By, Laura F. Locklair, Esq.
Insurers often rely on deductible and/or self-insured retention (“SIR”) endorsements to shift the burden to pay for a portion of the defense to the insured. However, absent specific policy language, such endorsements do not operate to excuse or delay an insurer’s duty to defend. Moreover, although the terms are often used interchangeably, important distinctions exist between deductibles and SIRs that impact when an insurer is obligated to defend.

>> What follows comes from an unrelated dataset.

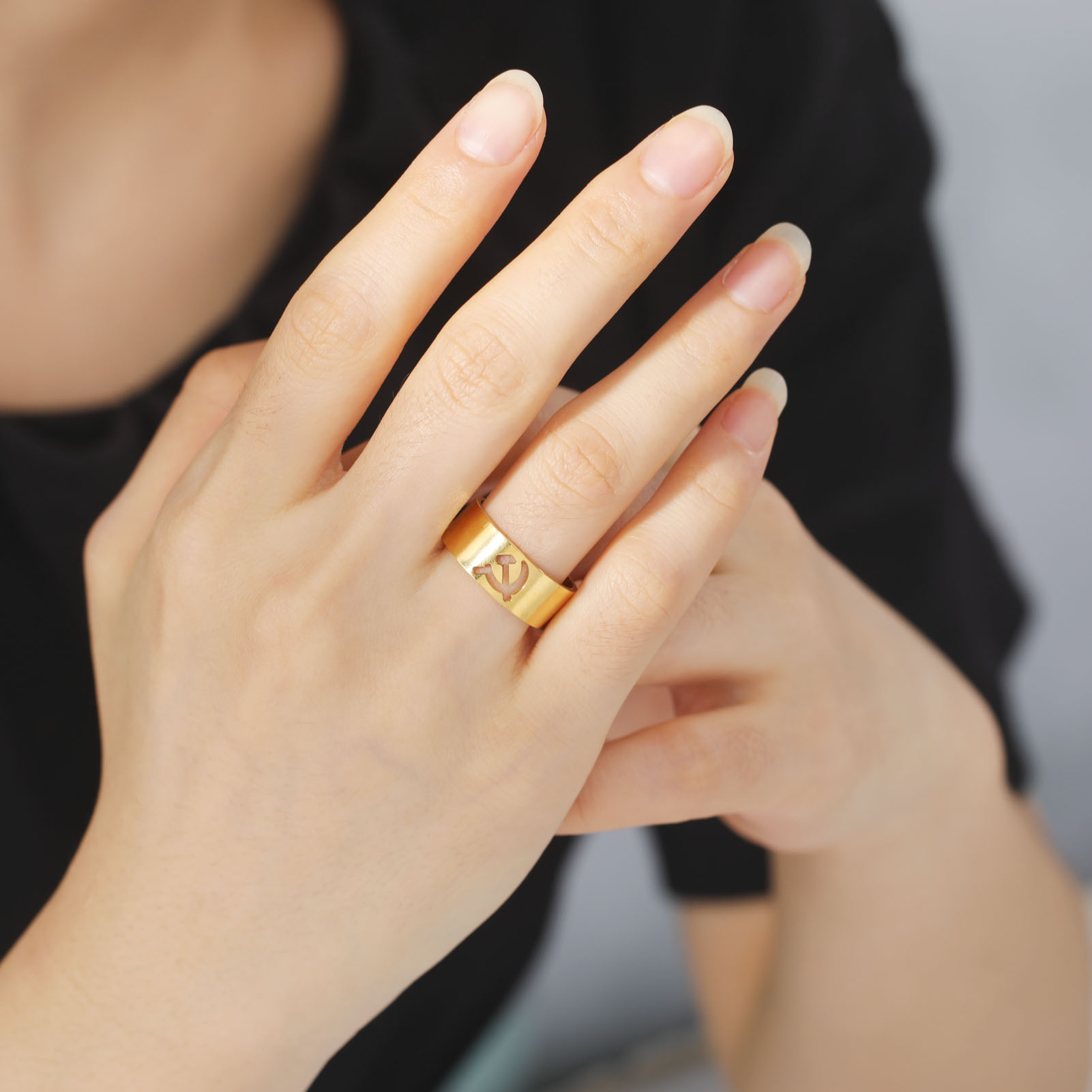 Soviet Hammer Sickle Finger Ri - Women'S Fashion Revolution recensie en prijs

“A deductible or self-insured retention states the monetary threshold of the insurer’s obligation to pay liabilities covered by the policy.” Insurance Coverage of Construction Disputes, Deductibles and Self-Insured Retentions (2d ed.). “Deductibles represent the portion of a covered loss that the policyholder may eventually be obligated to reimburse the insurer.” §1:43 Practical Tools for Handling Insurance Cases, Deductibles and Self-Insured Retentions (June 2018 Update). Whereas a deductible represents a portion of a covered loss lying within the terms of the policy for which the policyholder may be obligated to reimburse the insurer, a SIR is an initial portion of a loss that lies outside the policy. Legacy Vulcan Corp. v. Superior Court, 185 Cal.App.4th677, 694 (2010) (“A ‘self-insured retention,’ or ‘retained limit,’ generally refers to the amount of a loss or liability that the insured agrees to bear before coverage can arise under the policy.”). Unlike an SIR, wherein the amount of the retention is not included in and the limits of the policy stack on top of the SIR amount, “[w]ith a deductible, the amount of the deductible is included in the amount of the policy limits.” §4:6 Insurance Coverage of Construction Disputes, Deductibles and Self-Insured Retentions (2d ed.). Because “the insurer has no responsibility to pay claims until [the SIR] is exhausted,” some jurisdictions have indicated that a SIR typically “must be divulged” on a certificate of insurance or declarations page Id.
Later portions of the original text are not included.